Microsoft makes Bing image search available as an API; so do other search providers. The Bing API is useful because it gives good metadata on the images it finds. But first, let's look at a more intuitive API.

### The Project Gutenberg API

[Project Gutenberg](https://www.gutenberg.org/) provides electronic copies of large variety of out-of-copyright texts. It can be accessed using the [Gutendex API](https://gutendex.com/). The `requests` library in python can be used to query this API via the relevant parameters (see the documentation for what these are).  

In [6]:
# Define the API root url:

gut = 'https://gutendex.com/books/'

In [7]:
# Query by topic (here, 'death')

params = {'topic':'death'} 
death = requests.get(url = gut, params = params).json() # returns the results as a python dictionary

In [8]:
print(death['results'][2]['summaries'][0])
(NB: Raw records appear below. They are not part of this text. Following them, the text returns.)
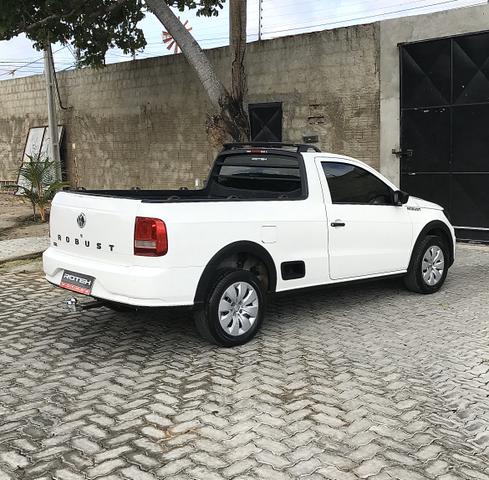 Saveiro Robust CS 1.6 Flex, Ano: 2018, Completíssima TOP!!! (Muito Nova!!!) - Foto 7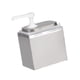 thumbnail image 2 of Dispensador De Bomba De Salsa 2000 Ml De Condimento Condimento De Condimentos Para Barra De Origen 2L Plata, 2 of 5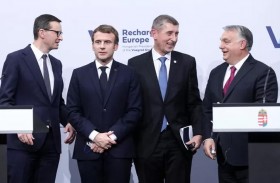 إيمانويل ماكرون وفيكتور أوربان، أفضل الأعداء...!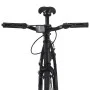 Bicicleta de piñón fijo negro y verde 700c 55 cm de , Bicicletas - Ref: Foro24-92256, Precio: 279,79 €, Descuento: %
"Baron Trump's Marvellous Underground Journey" by Ingersoll Lockwood is a children's novel written in the late 19th century. This imaginative tale follows the adventures of a young baron named Wilhelm Heinrich Sebastian von Troomp, also known as Baron Trump, alongside his loyal dog, Bulger. Together, they embark on a fantastical journey in search of the mysterious portals to a 'World within a World,' guided by ancient manuscripts and their sense of curiosity.  The opening of the story introduces us to Baron Trump and his concerns for his less-than-happy companion, Bulger, who is weary of the familiar surroundings of Castle Trump. After discovering a musty manuscript by Don Fum, which suggests the existence of an underground world, the baron feels compelled to leave home for adventure. His departure is filled with heartfelt farewells from his parents and preparations for what promises to be a thrilling expedition. As Baron Trump and Bulger journey northward through Russia, they face var

## Unsplash is a free high-quality image API. How can we access it?

In [25]:
api_key = "z_387ySbV7I3U0uEOMhFW2neHnnALBVPCFVw-7-wc7o"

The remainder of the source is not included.